* LVMH says he wants to ensure foundation control of family assets
* Bernard Arnault created foundation in Belgium in 2008
* France does not allow for creation of such foundation
* Arnault accused in France of trying to avoid new taxes
* He will remain fiscal resident of France-company
By Astrid Wendlandt and Ben Deighton
PARIS, Jan 18 (Reuters) - Tycoon Bernard Arnault, accused in France of trying to dodge new wealth taxes, wants Belgian citizenship to protect a foundation designed to control his family’s holdings in LVMH if he dies, a spokesman for the luxury group said.
Arnault, France’s richest man and LVMH chief executive, caused an uproar when he sought Belgian citizenship last September, an attempt which has been blocked by Belgian prosecutors.
Arnault denies that the Belgium move is a response to French President Francois Hollande’s planned tax hikes on the wealthy, saying he intends to remain a fiscal resident of France.
“The goal of this foundation is to protect the unity of the family holdings in the group until 2023,” the LVMH spokesman said on Friday, adding Arnault wished to protect LVMH from being sold.
France does not allow the creation of the type of private foundation Bernard Arnault set up in 2008 in Belgium under the name of Protectinvest.
According to the foundation’s statutes, administrators must be at least 50 years old, which would prevent Arnault’s five children from ever sitting on its board and selling their stakes, or parts of the group or their assets.
Arnault’s eldest child, Delphine, who sits on the LVMH board, is 37 and would be 48 by 2023, while her father would be 74.
The LVMH spokesman confirmed a report in Belgian newspaper L‘Echo on Friday which said that by becoming Belgian, 63-year-old Arnault would secure the foundation’s legal basis and make it difficult for anybody in France to challenge it.
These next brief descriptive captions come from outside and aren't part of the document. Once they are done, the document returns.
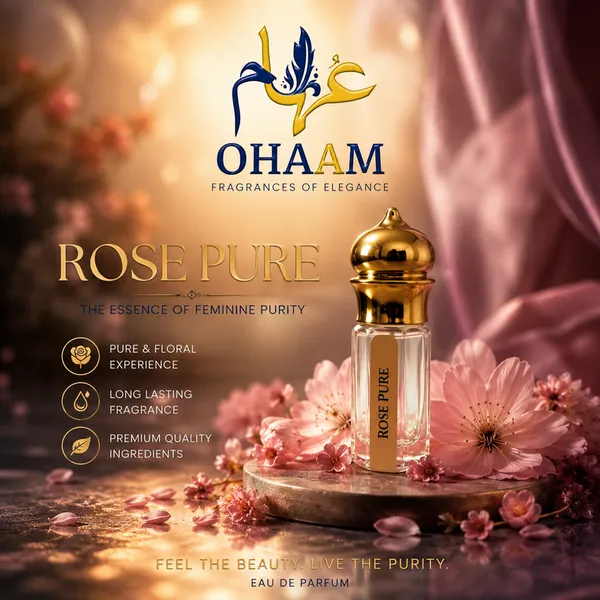 Rose_Pure_Damask_Rose_Saffron_Eau_De_Parfum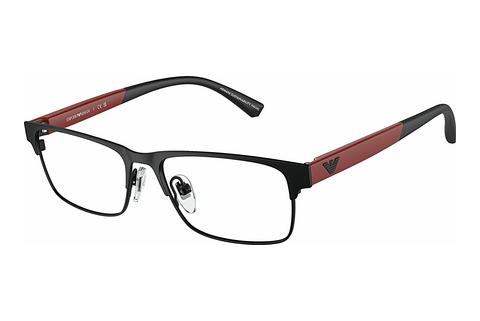 Bril Emporio Armani EK1001 3001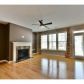 3792 Ellsworth Way Ne, Atlanta, GA 30319 ID:11719334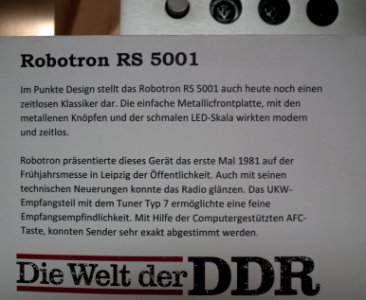 201905-DD Robotron5001 Info 068crop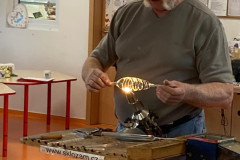 dbe54e8b-017e-45be-912c-bc28a7d87364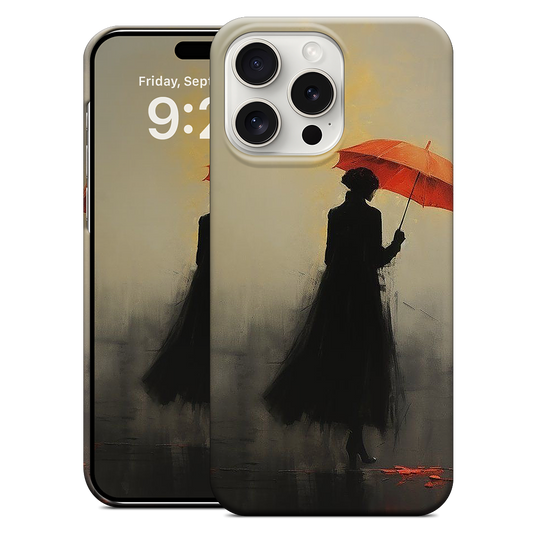 Custom iPhone Case - 5ae37d75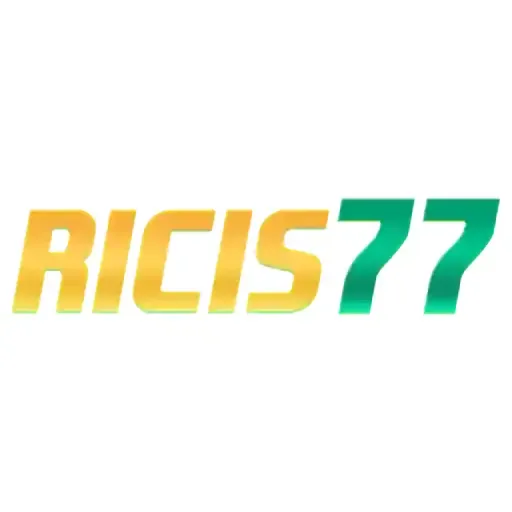 Aplikasi ricis77 Resmi: Download dan Instalasi dan bandarcolok: Rangkuman Brand yang Banyak Dicari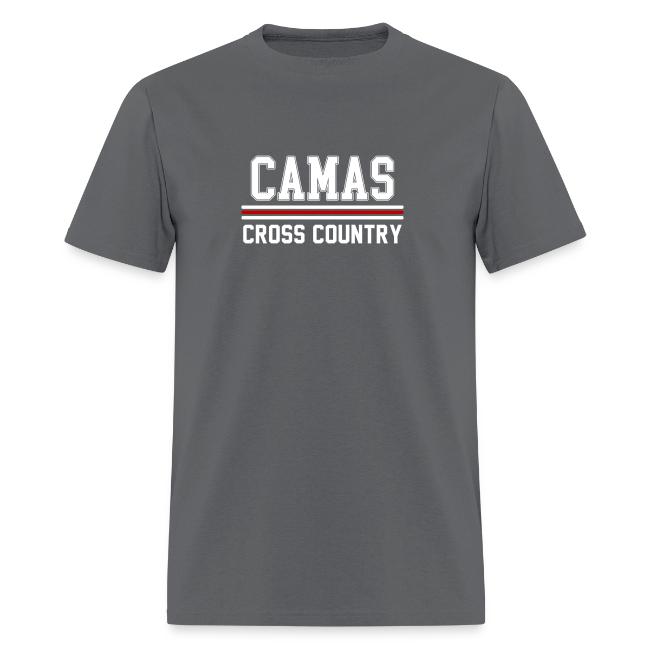 Camas XC Basic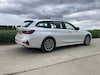 BMW 320e Touring Business Edition Plus (2022)
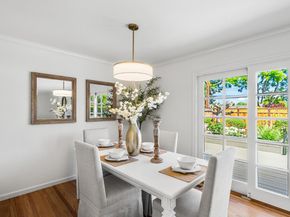 183 Belvue Drive, Los Gatos CA 95032
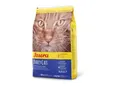 Produktbild: Josera Daily Cat Trockenfutter fÃ¼r Katzen 400g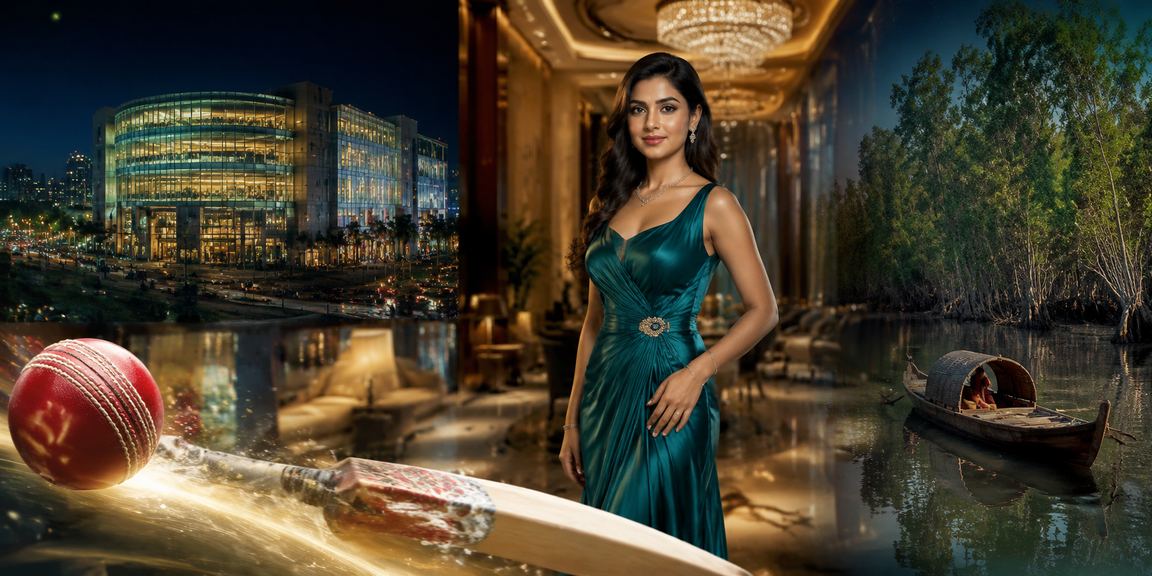 casino 88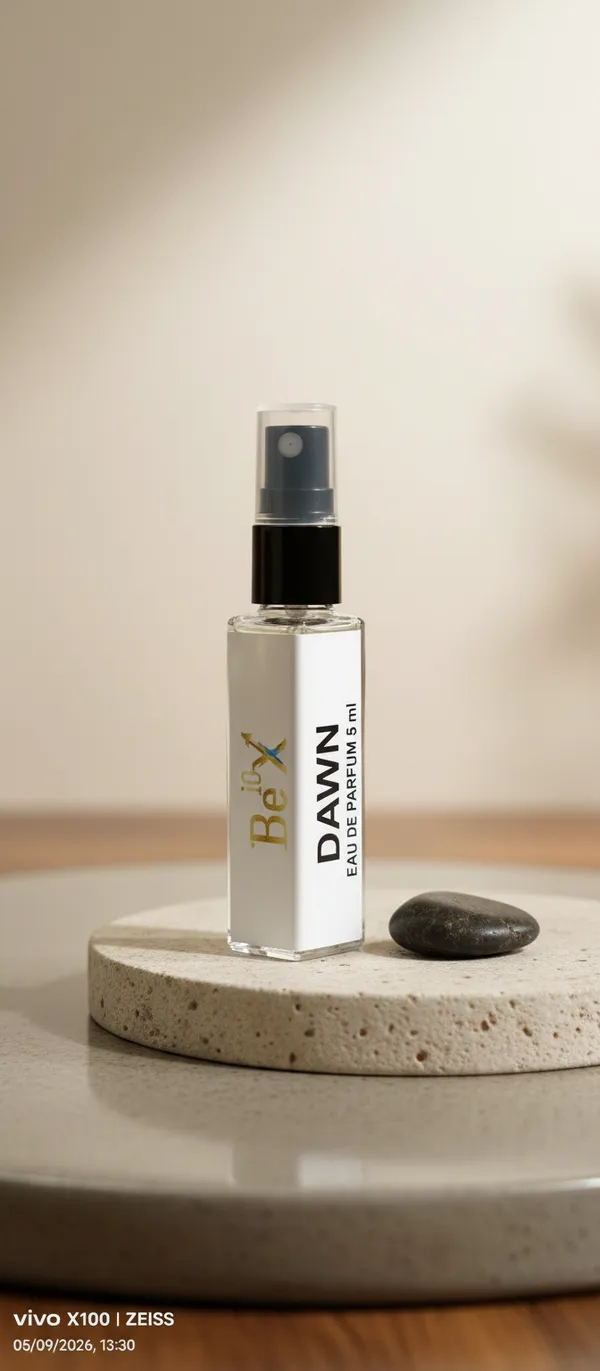 Dawn_Eau_De_Parfum_8_Ml_Travel_Size_Fragrance_Spray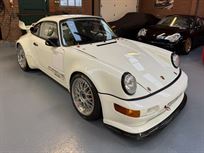 porsche-964-38-biturbo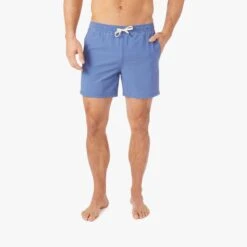 Fair Harbor -Fair Harbor SS002 SP22 in Studio photo Look18 BGL52 423 0782 5a660958 b098 463e ad8a 8e5388aaa86e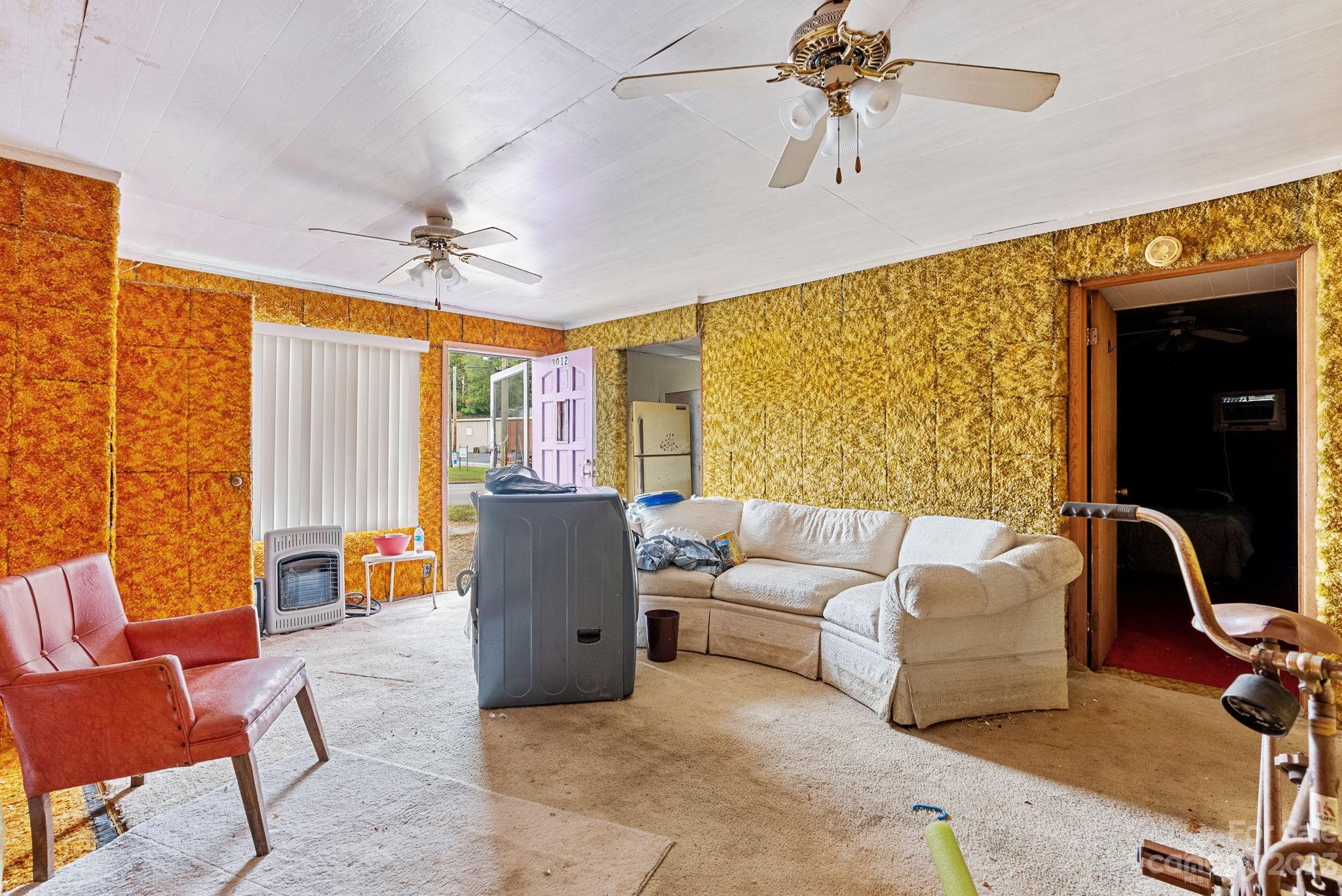 3002 Georgia Road Franklin, NC 28734 - Photo 14 of 26 Gallery Image 14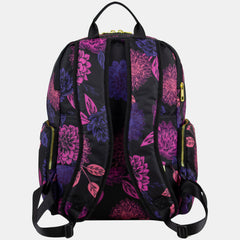 Bodhi Athleisure Luxe Essential Backpack w/ Trolley Sleeve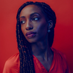 Nile Livingston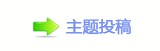 香⽮_噙퍾鱧Ⰰ_噙낋啟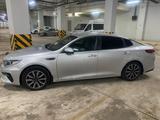 Kia Optima 2020 годаfor9 000 000 тг. в Астана – фото 5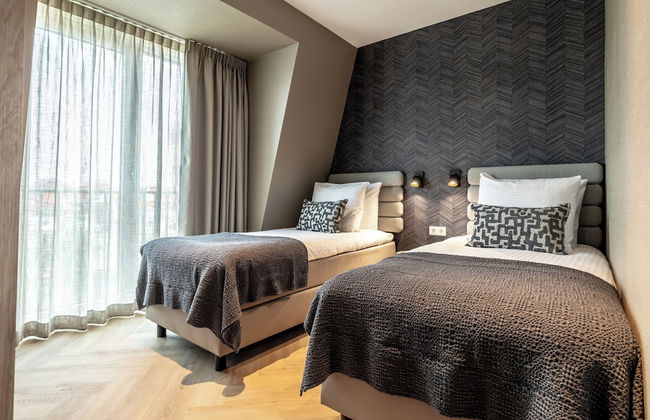 BizStay Delft - Foto 40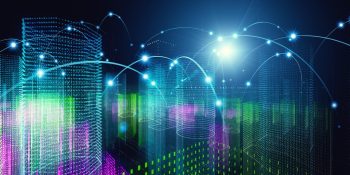 Why 5G and the edge could be the keys to the metaverse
Earlier this month Belgian prosecutors advised against giving citizenship to Arnault because he had not shown he had been mostly resident in Belgium for the required period of at least three years. Belgian prosecutors also launched a preliminary examination of his businesses.
Arnault and his family holdings control LVMH, the world’s biggest luxury group, through a complex web of companies, making it difficult to assess exactly how much they own altogether.
LVMH’s stable of brands range from Louis Vuitton, Fendi and Celine to Cognac producer Hennessy, watchmaker Tag Heuer and jewellers Fred, Chaumet and Bulgari.
Manoel Dekeyser, a Brussels-based tax lawyer, said that by becoming Belgian, Arnault could help ensure that his foundation would be protected under Belgian law.
“It’s my opinion that one way or another, recourse to Belgian law would allow him to protect the unity of the empire,” he said.